Automatically Coding Economic Activities via Semantic Search

Code and data accompanying our paper currently under review at the Journal of Official Statistics.

Overview

When business respond to surveys, or when they use interactive coding tools to find the right classification for their activity, they use descriptions in plain language. National Statistical Institutes must then map these free-text descriptions to an official economic activity classification. In Italy this is ATECO, a hierarchical taxonomy with more than one thousand fine-grained categories.

The current standard approach relies on hand-crafted rule sets: synonym lists, spelling-variant mappings, abbreviation tables, accumulated over years of expert effort. These work well but are expensive to maintain, and need to be largely rebuilt every time the classification is updated.
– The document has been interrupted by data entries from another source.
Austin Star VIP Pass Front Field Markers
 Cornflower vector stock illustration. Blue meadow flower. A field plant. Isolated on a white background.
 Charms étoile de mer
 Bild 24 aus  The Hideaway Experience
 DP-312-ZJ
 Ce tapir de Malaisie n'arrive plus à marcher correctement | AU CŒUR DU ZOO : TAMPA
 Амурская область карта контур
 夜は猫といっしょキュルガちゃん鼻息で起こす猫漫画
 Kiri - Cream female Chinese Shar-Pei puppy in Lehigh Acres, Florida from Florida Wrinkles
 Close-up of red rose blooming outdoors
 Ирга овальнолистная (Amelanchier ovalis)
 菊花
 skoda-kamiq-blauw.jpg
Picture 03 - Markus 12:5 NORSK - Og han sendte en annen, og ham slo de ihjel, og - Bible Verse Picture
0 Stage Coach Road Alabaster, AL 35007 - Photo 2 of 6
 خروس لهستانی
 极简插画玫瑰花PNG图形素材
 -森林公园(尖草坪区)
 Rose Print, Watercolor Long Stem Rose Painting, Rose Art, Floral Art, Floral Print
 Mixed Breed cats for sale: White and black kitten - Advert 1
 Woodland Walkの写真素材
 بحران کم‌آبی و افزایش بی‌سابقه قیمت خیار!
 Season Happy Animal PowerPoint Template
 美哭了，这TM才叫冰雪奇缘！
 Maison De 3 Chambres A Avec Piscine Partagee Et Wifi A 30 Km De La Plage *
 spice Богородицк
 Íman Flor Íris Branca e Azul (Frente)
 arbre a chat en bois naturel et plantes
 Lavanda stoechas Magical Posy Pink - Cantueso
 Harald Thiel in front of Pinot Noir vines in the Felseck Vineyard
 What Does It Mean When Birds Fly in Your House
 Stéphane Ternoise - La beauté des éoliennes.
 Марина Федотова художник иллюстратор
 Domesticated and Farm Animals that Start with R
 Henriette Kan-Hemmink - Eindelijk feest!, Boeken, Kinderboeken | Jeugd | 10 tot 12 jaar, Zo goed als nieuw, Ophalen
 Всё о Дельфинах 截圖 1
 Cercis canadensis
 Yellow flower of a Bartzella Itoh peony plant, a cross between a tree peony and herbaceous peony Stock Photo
This project evaluates a lower-maintenance alternative: embedding-based semantic search. Both the user query and the classification entries are mapped into a shared vector space, and the closest matches are retrieved by nearest-neighbour search. No task-specific training data is required, we only need the official taxonomy texts.

We compare several sentence transformer models (118M to 8B parameters) and five strategies for representing the taxonomy as a searchable knowledge base, evaluated against 33,544 real-world queries. Compact models (300–700M parameters) prove competitive with much larger ones, achieving Hit@5 above 0.82 at the fine-grained 5-digit level.

Repository Contents

File	Description
`main.ipynb`	Python notebook containing the code we used to obtain our results
`data/circe_embeddings_gemma.pt`	Pre-computed EmbeddingGemma query embeddings + CIRCE labels (unfortunately we can't publish the raw texts!)
`data/ateco22_descriptor.csv`	Naïve knowledge base (one consolidated descriptor per ATECO code)
`data/ateco22_disentangled.csv`	Disentangled knowledge base (one row per sub-text element)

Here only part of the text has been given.